Skinner, a senior and four-year starter, helped the Demon Deacons rack up a season-high 555 yards of offense against No. 16 Miami on Saturday. He completed 29 of 43 passes for 349 yards, much of it while hitting receivers and backs underneath coverage, giving them room to run. But Skinner had to leave the game with 6:22 to play after his helmet was knocked off and he took a knee to the side of his head.
The Deacons were leading Miami when Skinner went down -- they had led the entire game -- but they couldn't get a couple of key first downs to keep Miami off the field, gave up a couple of big pass plays and lost 28-27.
Wake Forest, now 4-5, has taken four of those losses by a total of 10 points. That they've lost close games is no consolation anymore to a team that won the ACC championship three years ago.
"We've gotten to the point in the program though where there aren't really any of those moral victories," Grobe said. "It's not where you can sit around and feel good about yourself because you made it close. We are disappointed that we didn't win and [are] trying to keep our heads up. We've had some really tough losses."
Grobe conceded that Wake still doesn't always have the speed and talent of its opponents but will compete until the fourth quarter and then try to find ways to win. It hasn't happened much this year, and it won't be easy on Saturday against the No. 10 Yellow Jackets.

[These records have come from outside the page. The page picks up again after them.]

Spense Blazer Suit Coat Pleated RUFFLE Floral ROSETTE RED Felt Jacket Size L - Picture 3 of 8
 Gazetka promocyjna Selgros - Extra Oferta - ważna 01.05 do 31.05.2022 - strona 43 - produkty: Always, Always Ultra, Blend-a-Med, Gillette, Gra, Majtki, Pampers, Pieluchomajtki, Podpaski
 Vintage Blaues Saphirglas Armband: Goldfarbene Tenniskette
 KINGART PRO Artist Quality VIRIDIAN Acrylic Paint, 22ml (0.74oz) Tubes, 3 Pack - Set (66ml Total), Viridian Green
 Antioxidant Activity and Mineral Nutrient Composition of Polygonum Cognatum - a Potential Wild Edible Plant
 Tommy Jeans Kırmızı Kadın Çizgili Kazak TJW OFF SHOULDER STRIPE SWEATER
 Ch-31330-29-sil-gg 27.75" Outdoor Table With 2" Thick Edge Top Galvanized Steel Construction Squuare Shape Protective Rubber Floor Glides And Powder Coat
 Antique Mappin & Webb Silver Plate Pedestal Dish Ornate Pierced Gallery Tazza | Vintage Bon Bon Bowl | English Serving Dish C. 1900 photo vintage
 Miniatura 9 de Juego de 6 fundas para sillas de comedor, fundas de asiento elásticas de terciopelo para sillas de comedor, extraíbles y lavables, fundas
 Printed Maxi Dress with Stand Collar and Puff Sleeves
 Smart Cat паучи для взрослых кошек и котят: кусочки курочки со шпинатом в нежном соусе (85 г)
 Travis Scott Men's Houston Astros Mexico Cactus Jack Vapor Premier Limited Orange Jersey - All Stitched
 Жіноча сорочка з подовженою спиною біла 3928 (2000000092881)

Wake hasn't played Georgia Tech since the 2006 ACC championship game, which Wake won 9-6. Grobe hasn't faced a Paul Johnson-coached team since Johnson was at Navy. (Wake won both those matchups 44-24 in 2007 and 30-27 in 2002.)
The Deacons are just two games removed from facing a triple-option team in Navy, whom they lost to 13-10 in a rainstorm. While that might seem to give them an edge in preparation, Grobe isn't so sure.
"It's probably a wash," Grobe said. "Most of the time you've got about four days to practice for this offense. We're going to end up with about eight because we had about four days to get ready for Navy and now we've got about four days to get ready for Georgia Tech. The problem is I think it lets Georgia Tech get better prepared for us because they've seen us defend Navy."
Wake Forest needs to win two of its last three games against Tech, Florida State and Duke to become bowl eligible. They'll be playing two of those – Tech and Duke – on the road. Wake Forest is 4-2 at home this season but 0-3 on the road.
"You hate to be playing Georgia Tech knowing that you need a win," Grobe said. "Not only playing a great team and a well-coached team but having to play them at their place is especially tough."